Split-Compute Pipeline
The architecture was selected because it enables open-vocabulary visual reasoning on hardware that cannot support a full VLM locally. The contract between onboard and edge is deliberately narrow: an image, a prompt, and a structured response.
Lightweight segmentation
A Raspberry Pi 4 produces frame-by-frame segmentation masks. Cheap to run, fast enough for reactive control, and it acts as the trigger that decides when richer reasoning is needed.
- · Raspberry Pi 4
- · Frame-rate segmentation
- · Mask + ROI extraction
Compressed transfer
Selected frames and regions of interest are streamed over the local network to the edge node. The split keeps bandwidth modest while preserving the visual context the VLM needs.
- · Local Wi-Fi link
- · ROI + full frame
- · Single-frame & dual-frame variants
VLM semantic reasoning
The VLM receives the image(s) plus a structured prompt and returns a JSON-shaped answer: scene description, obstacle classification, and navigation action · open-vocabulary, by construction.

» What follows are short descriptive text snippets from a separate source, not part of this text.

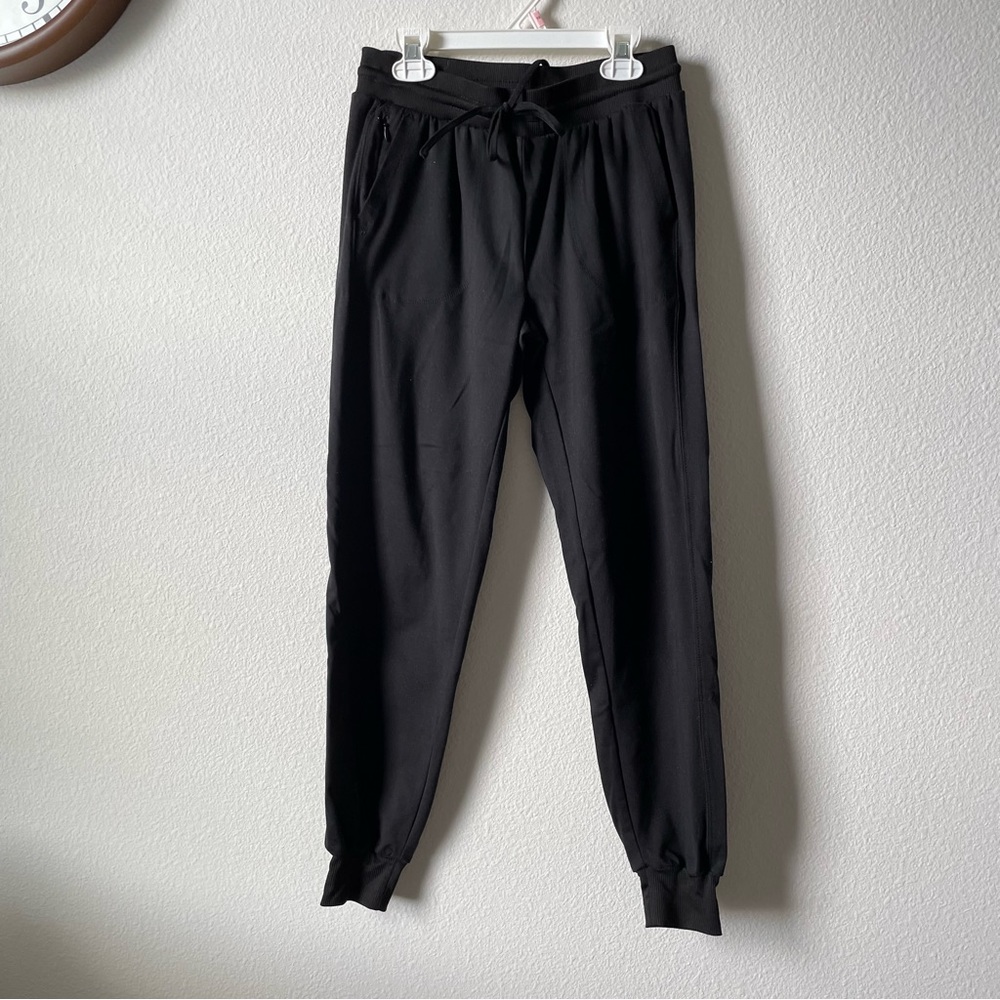 Zach and Rachel Black Joggers size XS drawstring
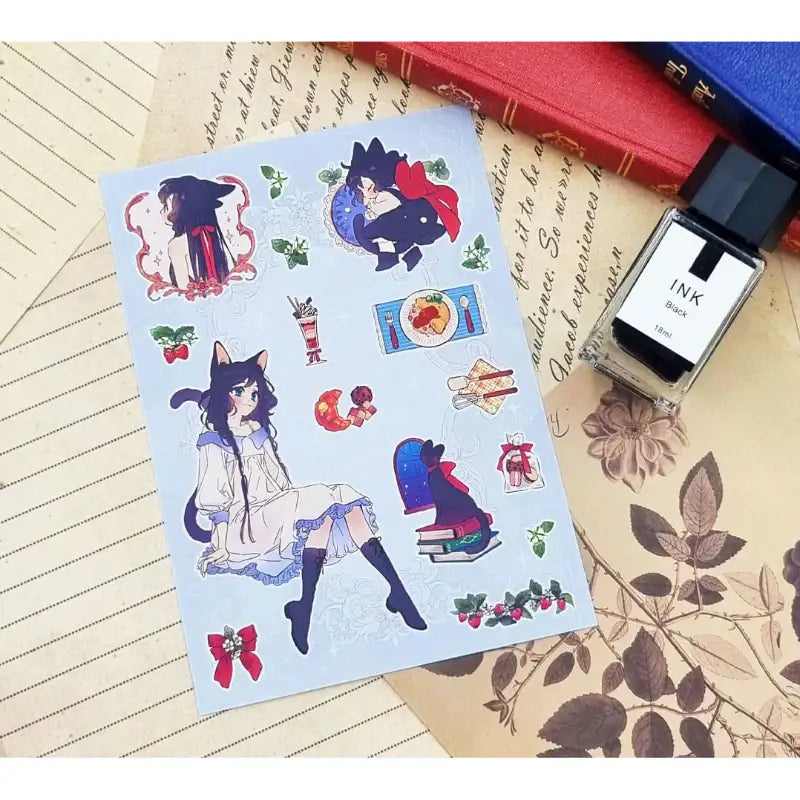 This Witch of Mine - Stickers Set - Toon!que - Stickers - Harumio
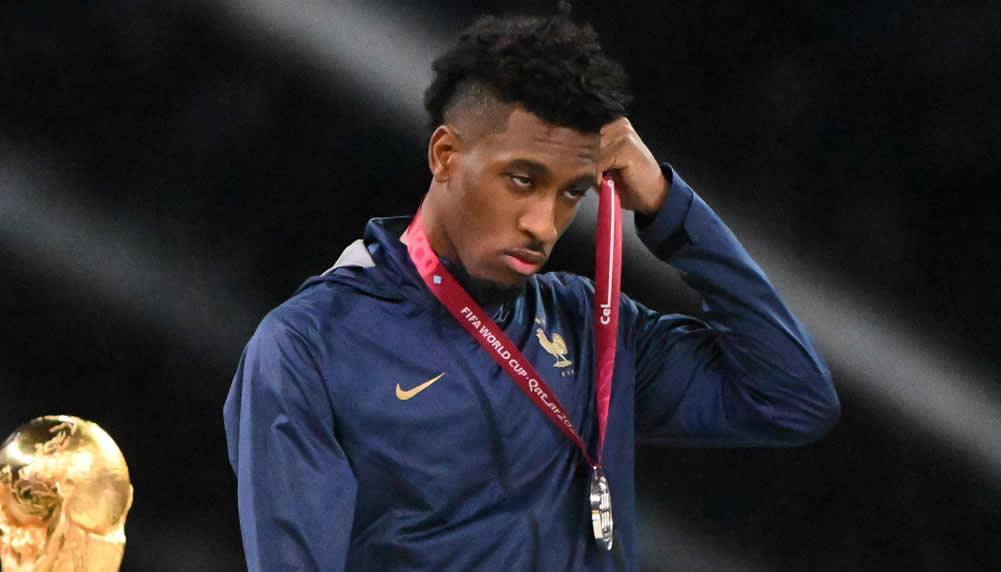 FC Bayern reagiert auf rassistische Beleidigungen gegen Kingsley Coman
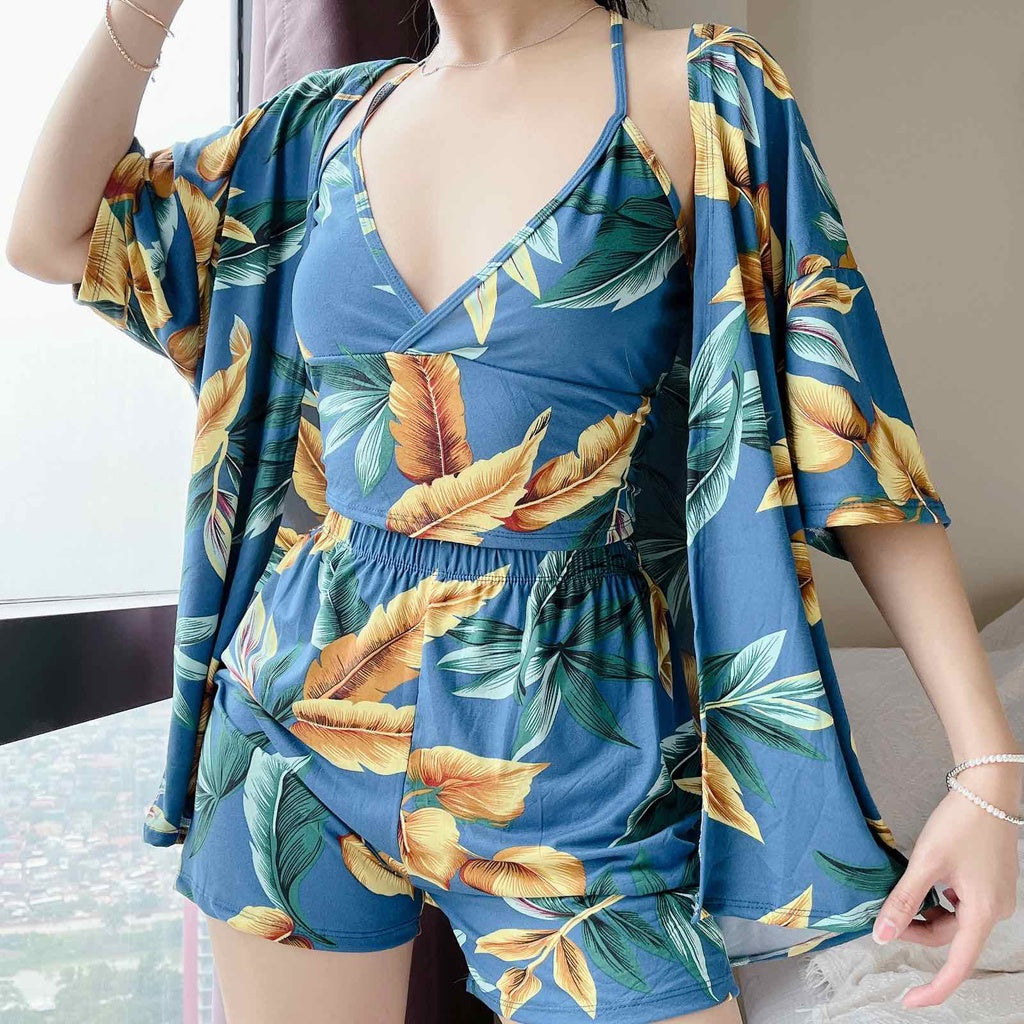 SUMMER TERNO 3 IN 1 COORDINATES CASUAL TERNO [Buy1Take1FREE]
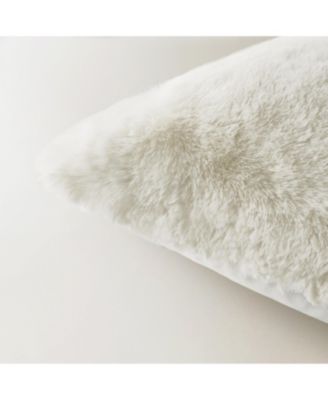 Shay Faux Fur Floor Pillow 30"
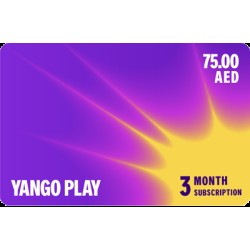 Yango Play Subscription UAE Store 3 Months Yango Play Subscription UAE Store 3 Months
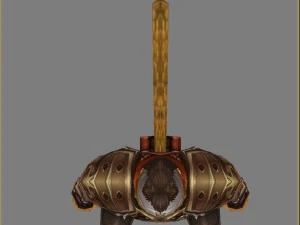 armor set - monkey 03 3D Model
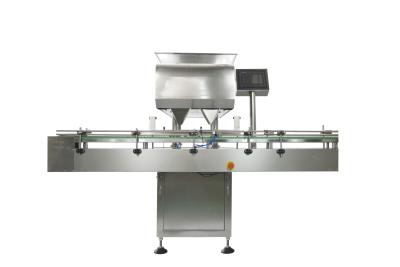 China Fully - Automatic Grain Capsule Counter Machine For 360 Mm Diameter Of Counting Plate for sale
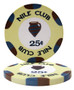 Nile Club 10 Gram Ceramic Poker Chip (25 Pack) CPNI*25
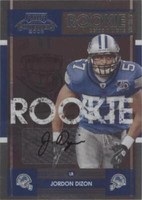 2008 Playoff Contenders Jordon Dizon #155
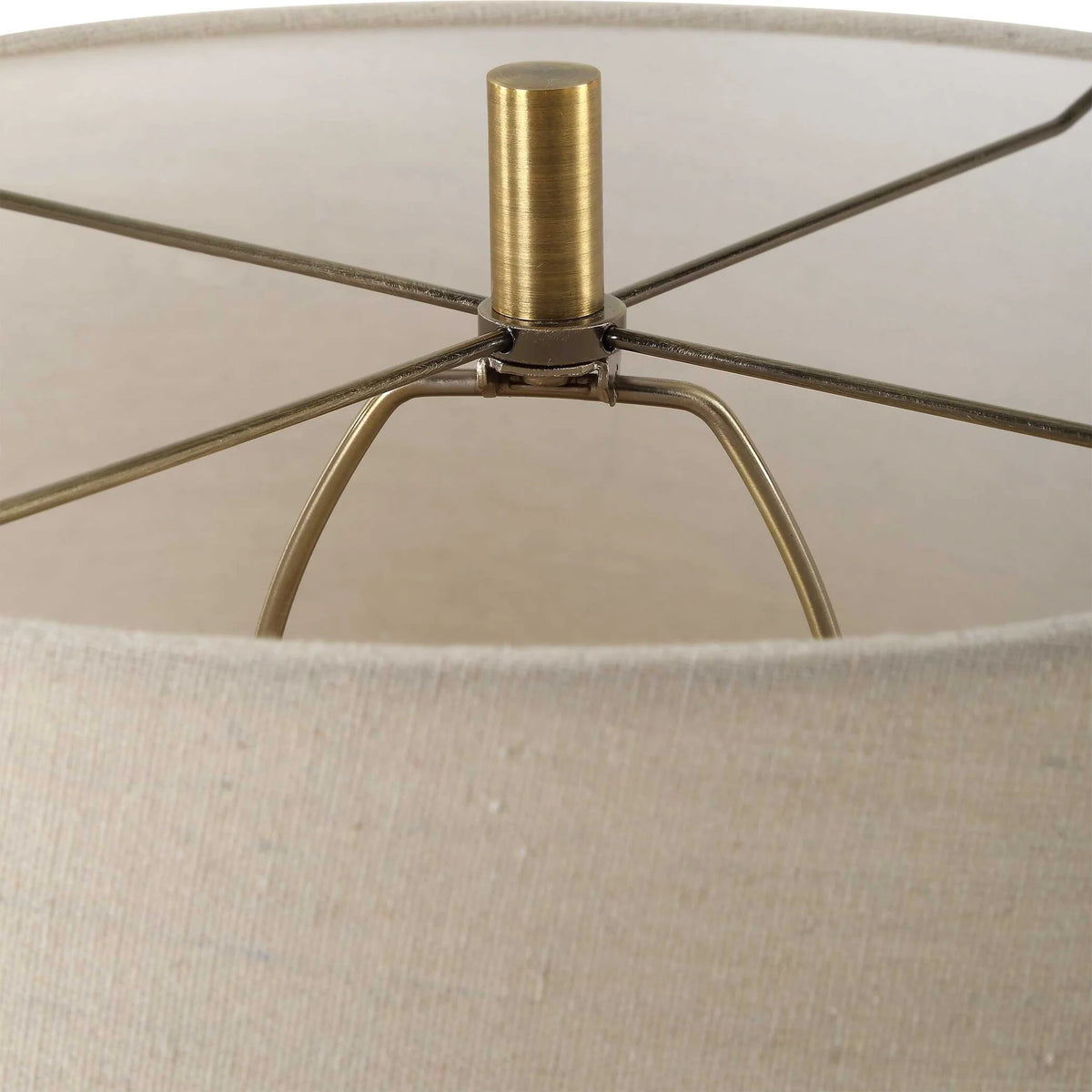 Aged Terracotta Table Lamp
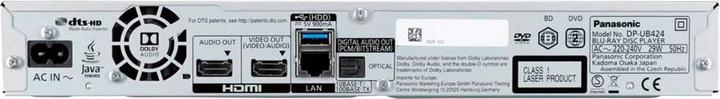 Produktbild Panasonic DP-UB424 (Blu-ray Player)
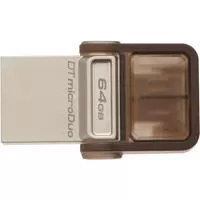 Kliknite za detalje - USB flash memorija Kingston DataTraveler microDuo DTDUO/64GB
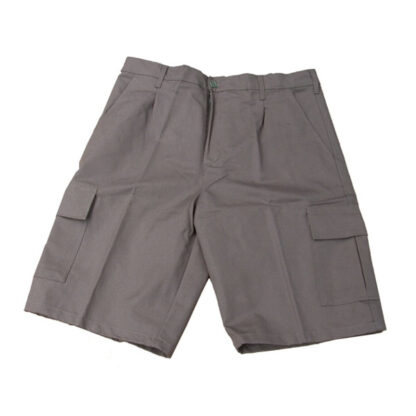 BERMUDA MULTITASCA CANVAS FANGO XXL            P&P MUL12109-90 INDUMENTI LAVORO             F P&P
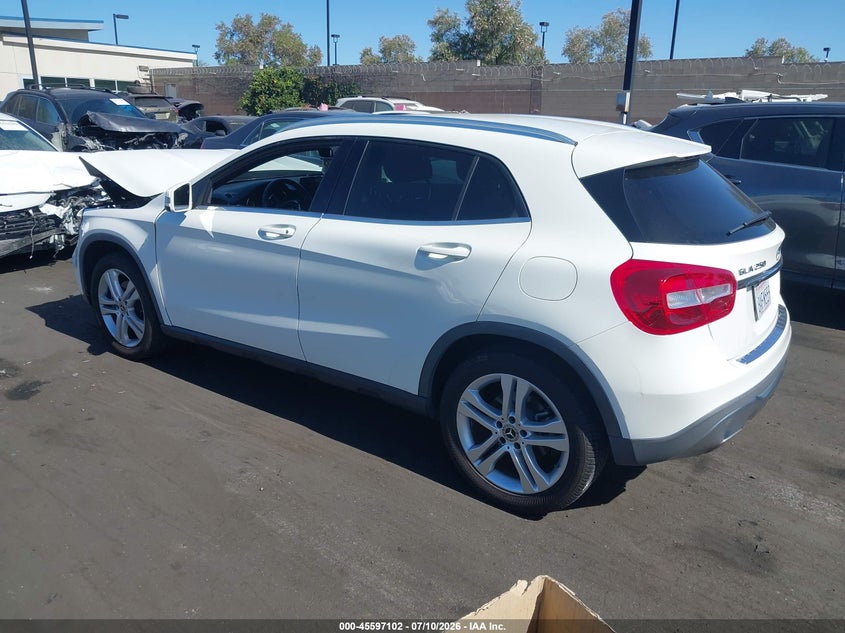 2018 Mercedes-benz Gla-klasse VIN WDCTG4EB7JJ426638 IAAI salvage auction — FRONT END, Salvage Certificate (California), sold $1,500 on 2026-07-24 (photo 3)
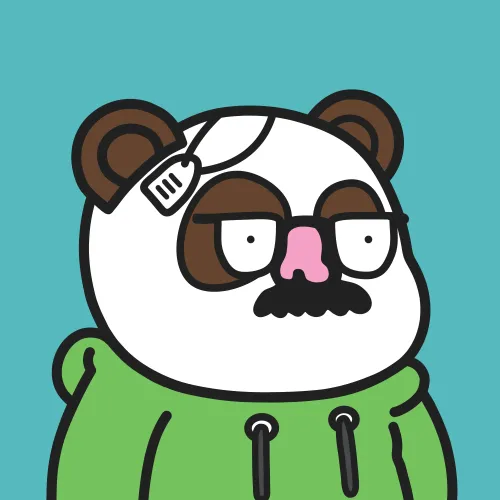 Frenly Panda #4538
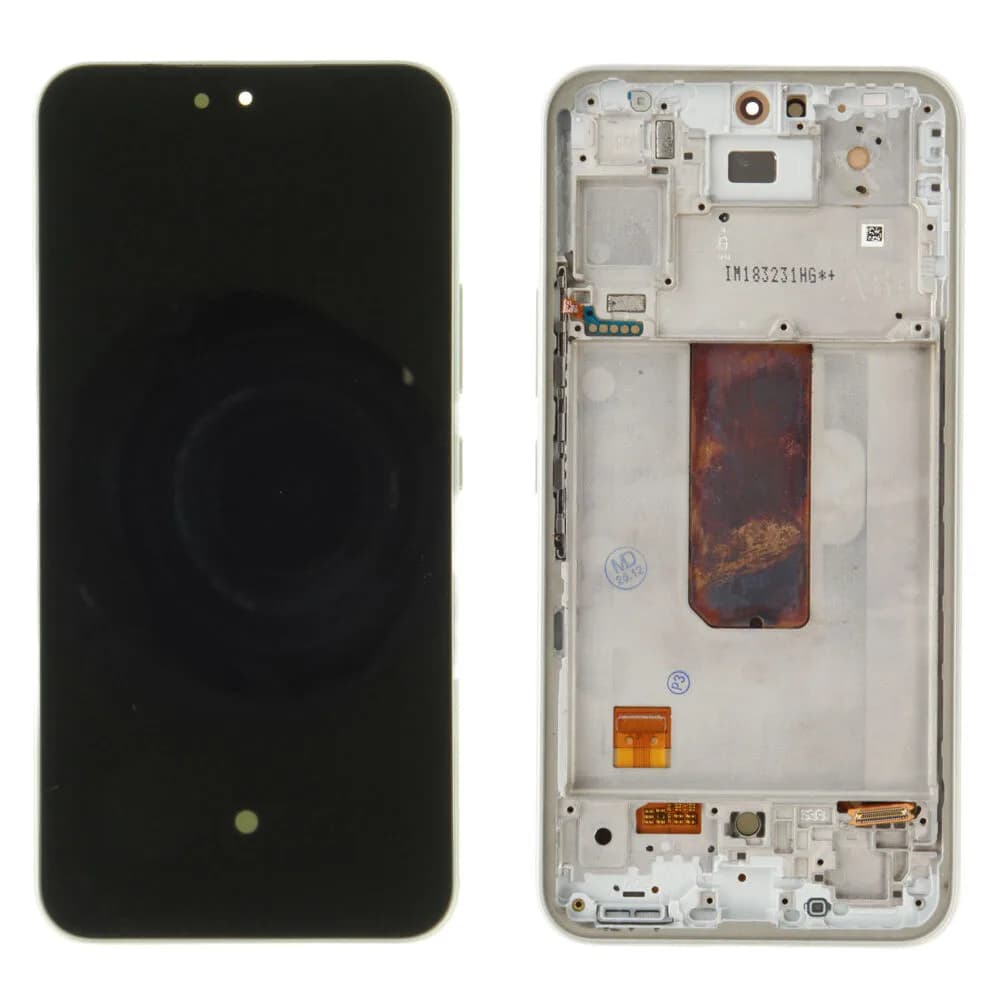 Display Samsung Galaxy A54 - Compatible soft - White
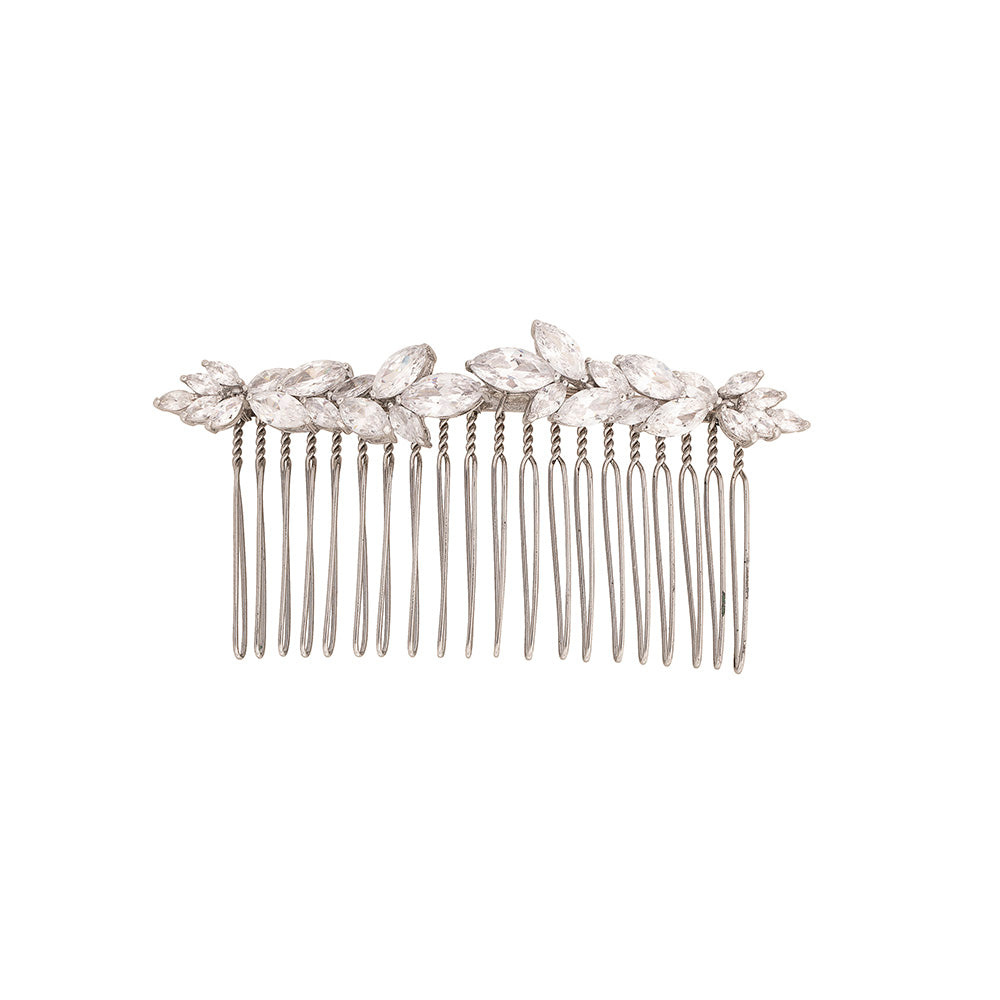Stephanie Browne Australia Women's Silver Allure Ii Comb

- · MacBook Pro M2 Pro node
- · Structured prompt
- · Natural-language output
The prompt contract
Each request asks the VLM to produce three fields, in order: a scene description, an obstacle classification (none / static / transient / activity), and a navigation action (CONTINUE / SLOW / STOP / REROUTE). The shape is fixed; the vocabulary is not.
{
"scene": "A small dog is running across the
mowing path from the left.",
"obstacle_class": "transient",
"reasoning": "Animal is moving and likely to
clear the path within seconds.",
"action": "STOP"
}Why split-compute, not local-only
Compute
Even small VLMs exceed what an onboard Pi can run at usable rates.
Open-vocabulary
Edge VLM reasons about objects and activities never seen at training time.
Diagnosability
Natural-language output makes failures attributable to specific behaviours or prompts.